BEGIN
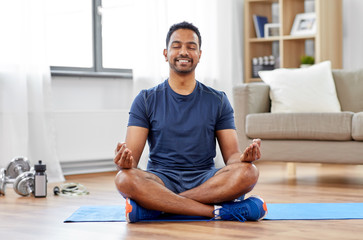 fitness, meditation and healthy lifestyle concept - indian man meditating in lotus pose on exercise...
END
BEGIN
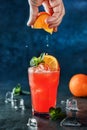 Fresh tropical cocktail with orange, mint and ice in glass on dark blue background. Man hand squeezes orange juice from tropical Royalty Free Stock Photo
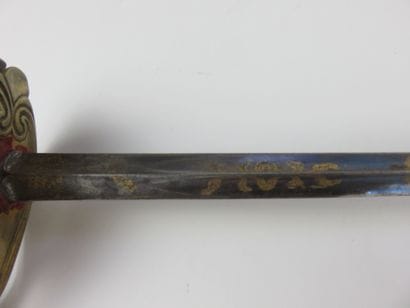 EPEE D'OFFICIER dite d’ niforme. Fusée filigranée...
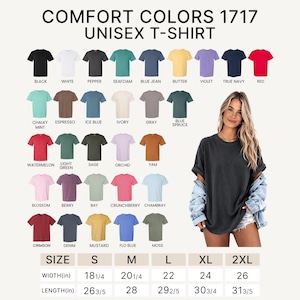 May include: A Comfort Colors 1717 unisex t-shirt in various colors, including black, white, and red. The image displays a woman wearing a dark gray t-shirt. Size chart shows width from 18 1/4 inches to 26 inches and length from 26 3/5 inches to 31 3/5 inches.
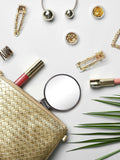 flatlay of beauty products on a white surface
END
Write out again exactly the lines above from the one with "EPEE D'OFFICIER dite" through the one with "May include: A", adding no other lines and no pictures.

 EPEE D'OFFICIER dite d’ niforme. Fusée filigranée...
 May include: A Comfort Colors 1717 unisex t-shirt in various colors, including black, white, and red. The image displays a woman wearing a dark gray t-shirt. Size chart shows width from 18 1/4 inches to 26 inches and length from 26 3/5 inches to 31 3/5 inches.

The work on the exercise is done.